Quick, why are these do these sql statements take wildly different times to execute? Both are being run on a SQL Server Express 2008 database with DWPROD being an Oracle 10g database.
--Query 1 --takes 6 minutes 23 seconds to produce 575,424 rows select * from [DWPROD]..[DISC].[DW_SPD_DETAIL] x where x.FISCAL_YEAR = 2010;
vs.
--Query 2 --takes 1 minute 17 seconds to produce 575,424 rows select * from openquery(DWPROD,'select * from disc.dw_spd_detail where fiscal_year = 2010 ');
Query 1 is using a “linked server” to make the query. A linked server is basically an ODBC connection to another server built into SQL Server and you call it using fully qualified name. In this case the where clause is not being passed to the remote server because the SQL Server engine decided against it for some reason (I think it’s either the engine found a type mismatch or it’s a bug). Instead the entire DW_SPD_DETAIL table is being dumped into a temp table locally. Then it filters on the FISCAL_YEAR and gives the result. The whole table is millons of records and the server is only running on a 100 megabit port.

Time is money.
Photo by Search Engine People Blog
Query 2 is using OpenQuery to execute the query on the remote server. The difference is that the query string is not being parsed by the SQL Server engine, it’s being passed directly to the remote server. The remote server can filter on it’s side (using any indexes to speed it up) and only return the filtered results.

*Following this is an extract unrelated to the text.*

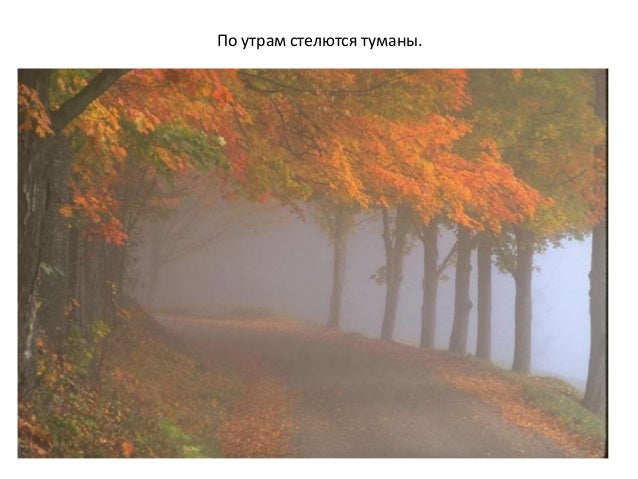 Картинки ветер срывает листья осенью Картинки ветер срывает листья осенью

Query 2 is much faster because it’s only retrieving 575,424 rows from the database where query 1 is retrieving the entire table and then giving the results.
Time is money. The faster we can load all of our tables for the day, the faster we can start analyzing and reporting on the data. Plus, it’s good resume fodder to say “Reduced time for nightly database loads by 66%”.